Document Extraction with AI and IDP is an AI-driven approach that automates the classification, extraction, and processing of unstructured and semi-structured documents by combining OCR, computer vision, natural language processing (NLP), and machine learning to transform them into accurate, structured information.
In 2016, the Financial Accounting Standards Board (FASB) replaced ASC 840 with ASC 842. This change introduced a new set of rules for how organizations report leases on balance sheets. The new rule affects all leases for warehouses, vehicles, phones, and other equipment. This change represents the most significant update to lease accounting since 1976.
ASC 842 divides leases into operating and finance leases (capital leases). Previously, only capital leases were listed on the balance sheet. Many companies now need to keep a centralized record of their leases, as they were not required to do so in the past. Lease agreements are often hard to track and classify because they are buried in other contracts.
The new FASB requirements impose an additional burden on all US companies, requiring more resources to complete the work. Tackling this complex issue is crucial, as companies could face debt covenant failures and future financing risks.
To comply with the new FASB rules, the fast-food franchise mentioned in the introduction must extract more than 350 fields from lease-related documents weekly and input the data into their lease management system. The challenge is compounded by commercial leasing agents submitting lease documents of varying quality, types (such as PDFs, images, and email attachments), and languages. The documents also contain handwriting, checkboxes, and tables, making them difficult to process uniformly.
After several attempts with different advisory firms and technologies, the client was eager to find a resolution. In the interest of time, Ashling repurposed an array of technical components that were previously built for other solutions.
While trialing several technology combinations across five different approaches, they discovered one particular mix of technologies yielded a superior result. The combo? SS&C Blue Prism Technology, ABBYY Vantage, and GPT-4 turbo.
ABBYY Vantage is a powerful IDP solution for categorizing the different agreement types and extracting segments of the agreement (Preamble, Premises, Renewal Options).

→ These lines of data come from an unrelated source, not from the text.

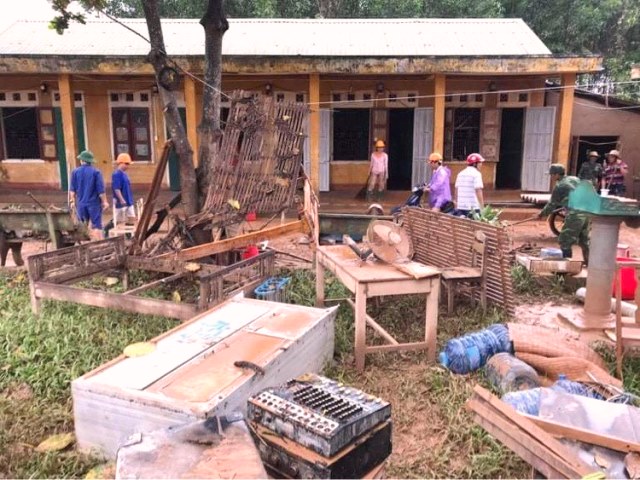 KOICA: viện trợ gần 7 tỷ đồng giúp Quảng Trị khắc phục thiên tai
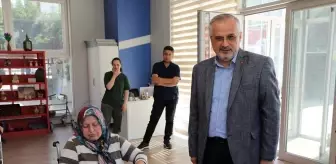 Bafra'da Engelli Bireyler İçin El Sanatları Eğitimi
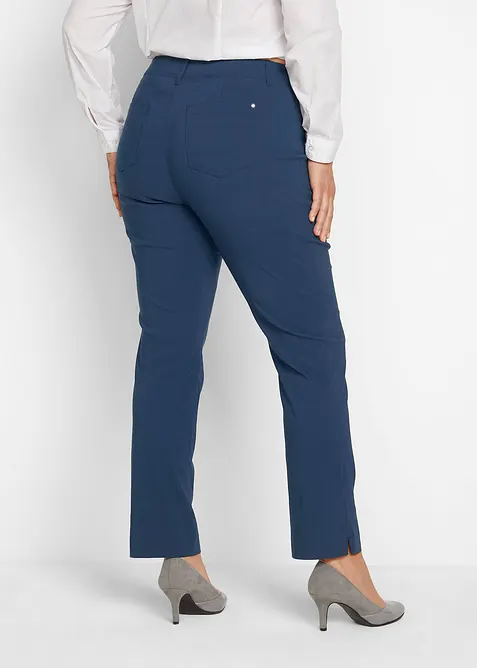 Pantalon extensible &agrave; taille &eacute;lastiqu&eacute;e, bonprix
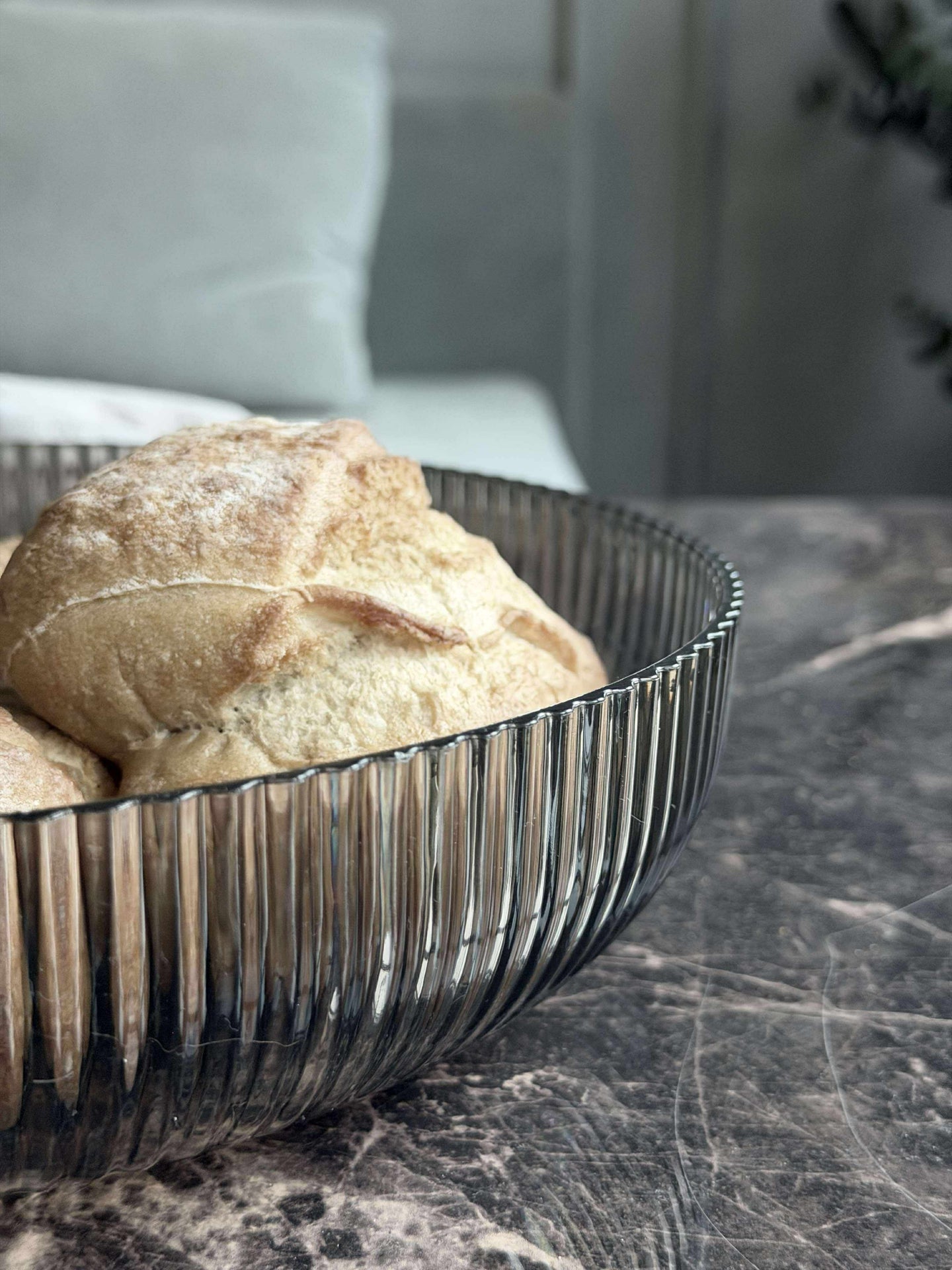 Fat til dekor eller mat - Grå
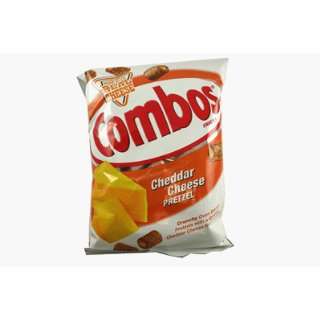 Combos Cheddar Cheese Pretzel 18   7oz Grocery & Gourmet Food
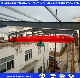 CE/SGS/ISO 3t 5t 10t 15t Remote Control Factory Workshop Eot Single Girder Beam Overhead Crane Price with Steel Wire Rope Hoist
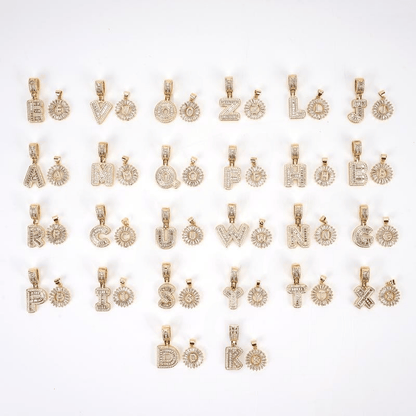 2 Pack Initial Necklace (80% OFF Today!)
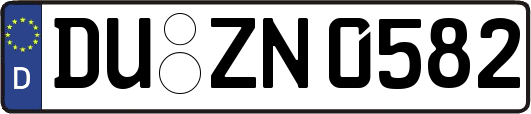 DU-ZN0582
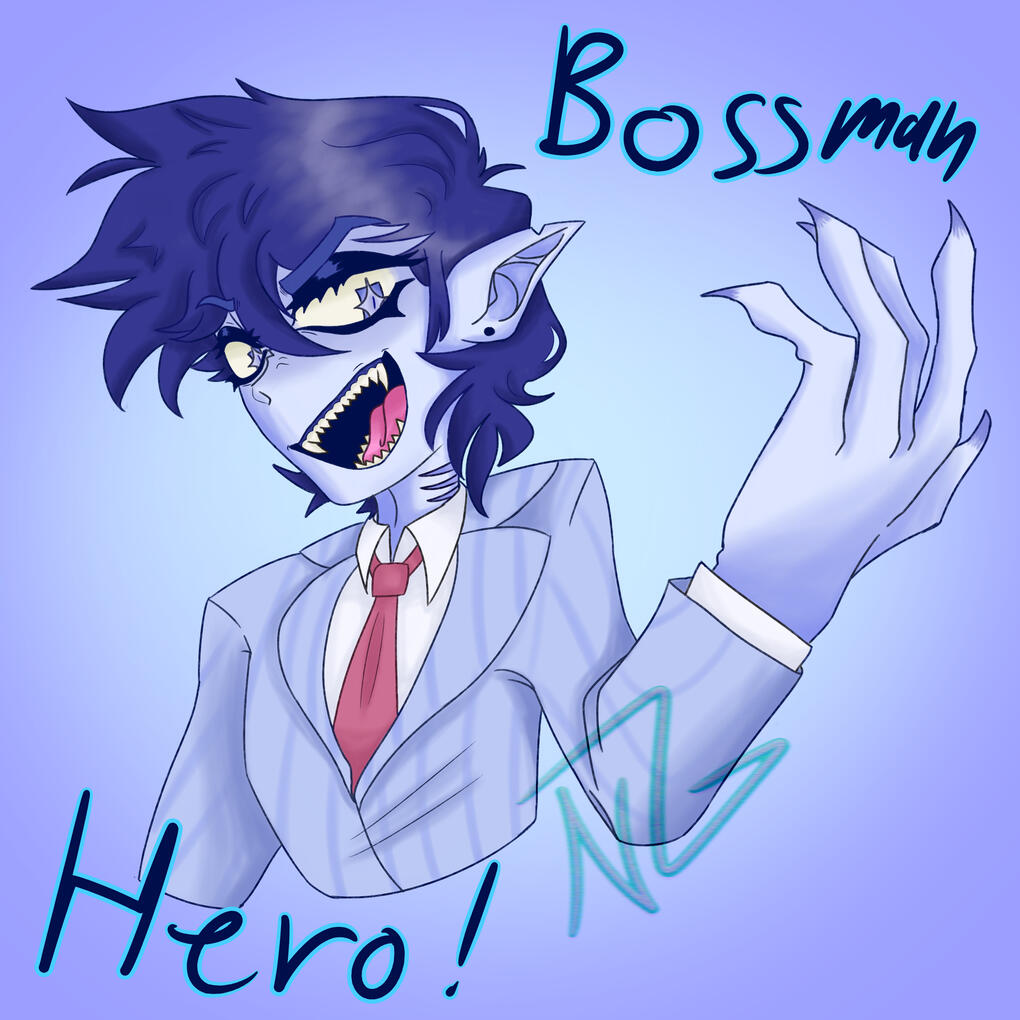 Comm for bigidiotmari on twt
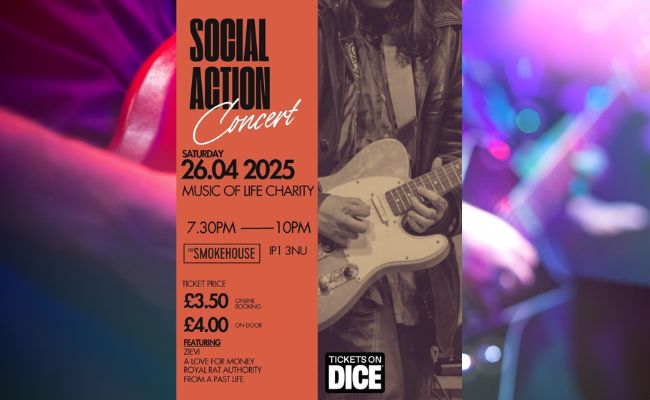 The Past Life + Support – Friday at The Smokehouse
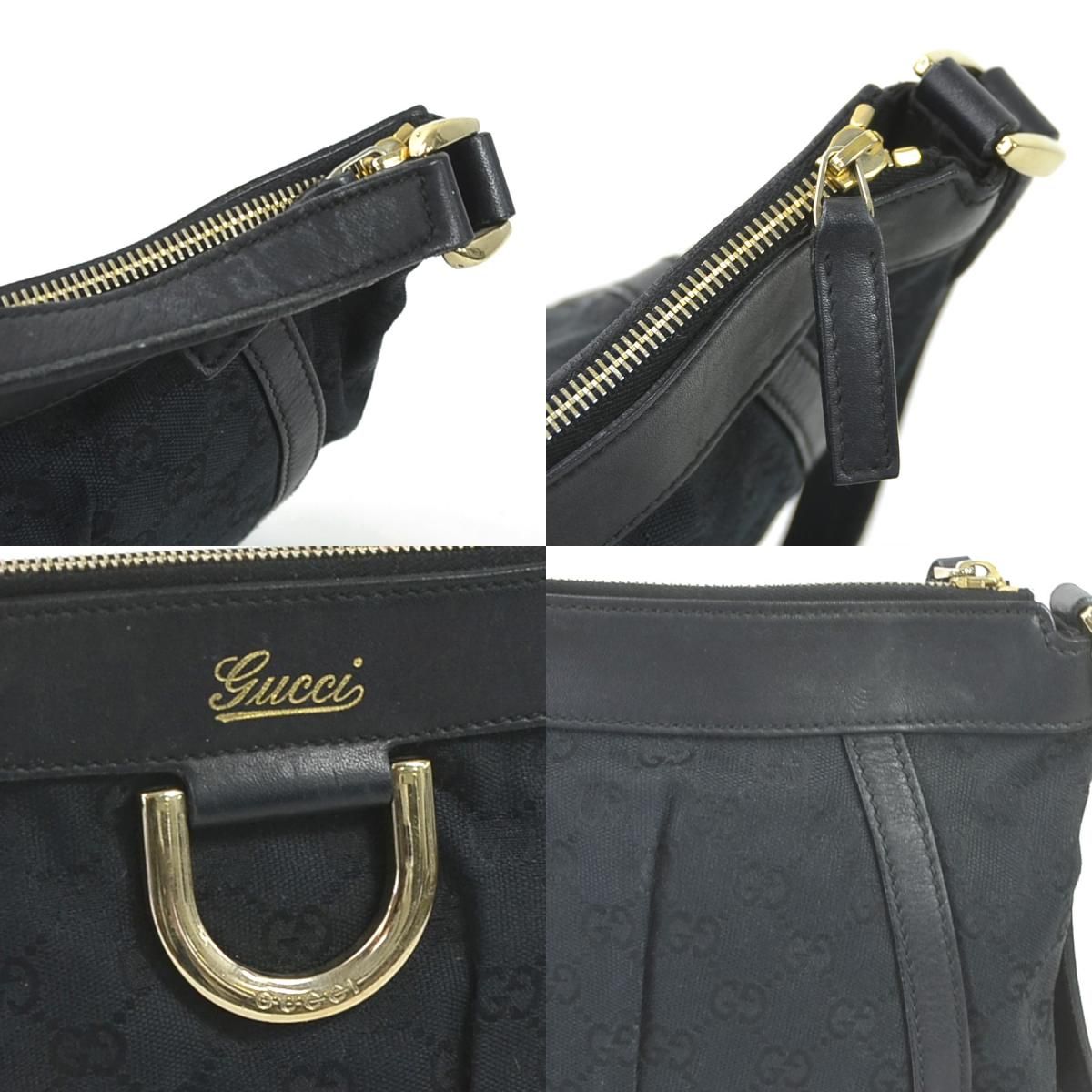 グッチ GUCCI 斜め掛けショルダーバッグ GGキャンバス 203257 - メルカリ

Meanwhile, GPT-4 Turbo provided accurate field-level extraction, especially when fed a specific segment of the agreement.
GPT4 and ABBYY Vantage created a consolidated user experience, providing results before any field-level training. This approach—leveraging IDP for classification and segmentation, GenAI for field extraction, and RPA to automate data extraction and entry—achieved an 82% accuracy rate. For the small subset of fields falling outside the configured confidence threshold, ABBYY Vantage’s manual review station was utilized to enable human users to correct machine-extracted values. The machine learning model learns from the human-corrected values and improves over time, resulting in reduced manual review effort.